Dass das Festival du Cannes ein guter Ort für cinephile Doku­men­ta­tionen ist, ist bekannt. Jedes Jahr werden außerhalb der Haupt­reihen unter dem Label »Cannes Classics« neben restau­rierten Meis­ter­werken auch Filme gezeigt, die der Kunst des Kinos auf die Spur gehen. Man erinnere sich etwa an The Eyes of Orson Welles, Auf der Suche nach Ingmar Bergman oder Hitchcock/Truffaut.

 

Auch technische Aspekte des Filmemachens sind regelmäßig Thema dieser Dokumentationen. Midge Costin ist langjährige Ton-Editorin, hat mittlerweile hierfür auch eine Professur an der USC School of Cinematic Arts inne und es sich zum Ziel gemacht, über das oft vernachlässigte Thema des Tons im Film aufzuklären. Ihre erste Regiearbeit Making Waves: The Art of Cinematic Sound behandelt in 94 Minuten dessen Chronologie – Meilensteine des Filmtons werden verknüpft mit der technischen, filmhistorischen und politischen Entwicklung. Dabei beschäftigt sie sich intensiver mit den wichtigsten Protagonisten, und gibt einen Einblick in die einzelnen Etappen und Gewerke, die am fertigen Sound beteiligt sind.

 

Die Machart des Films entspricht dem derzeit gültigen Standard für amerikanische Dokus, neue Interview-Statements werden mit Tonnen von schnell geschnittenem Archivmaterial durch eine Erzählerstimme verbunden. Was dröge klingt, ist in Wirklichkeit der wahr gewordene Traum jedes Cineasten, denn es ist absurd, wen die Filmemacherin vor die Kamera bekommen konnte, von Steven Spielberg über George Lucas zu David Lynch ist die Crème de la Crème Hollywoods mit ihren Filmen vertreten. Auch die zentralen Figuren für die Entwicklung des Sounddesigns kommen ausgiebig zu Wort: Walter Murch (Apoca­lypse Now), Ben Burtt (Star Wars) und Gary Rydstrom (Toy Story) werden mit ihren jeweils bahnbrechenden Arbeiten portraitiert.

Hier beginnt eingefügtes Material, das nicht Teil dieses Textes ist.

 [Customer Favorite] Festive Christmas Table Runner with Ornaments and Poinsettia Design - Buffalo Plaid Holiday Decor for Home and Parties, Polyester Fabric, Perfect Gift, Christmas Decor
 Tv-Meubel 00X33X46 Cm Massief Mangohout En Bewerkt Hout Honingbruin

Große Regisseure scheinen sich mit großartigen Sounddesignern zu umgeben, lernt man. Außerdem: die Stimme von Chewbacca ist die eines sehr ausdrucksreichen Bären beim Ködern mit einem Stück Brot.

Der Film ist unverhohlen unkünstlerisch, er versteht sich als Unterhaltung mit Lerneffekt. Im letzten Drittel etwa wird man durch die Etappen des Sound Designs, von der Dialogaufnahme am Set bis zur abschließenden Mischung, geführt. Danach kann jeder nachvollziehen, was für ein großer Anteil an kreativer Arbeit in der Tonebene steckt, bis sie zu dem wird, was George Lucas behauptet, nämlich zu fünfzig Prozent des Filmerlebnisses. Insofern erfüllt der Film seine Ziele vollkommen, es ist ein kurzweiliger und lehrreicher Ritt. Man vermisst bei der überwältigenden Anzahl an Filmbeispielen allerdings welche, in denen eine irritierende, eben nicht immersive Tonebene vorherrscht, oder auch mal etwas, das nicht aus den USA stammt. Auf gewisse Art und Weise feiert der Film eben auch das Hollywood-Kino. Es gibt Sequenzen, bei der geradezu schamlos Klassiker an Klassiker aneinandergereiht werden, die wie die Hommage-Montagen bei der Oscarverleihung wirken. Allerdings haben sie dieselbe lästige Qualität, jedem Filmfreund kurz eine wohlige Gänsehaut zu bescheren, weil man mit irgendeinem der Schnipsel doch etwas Tieferes verbindet.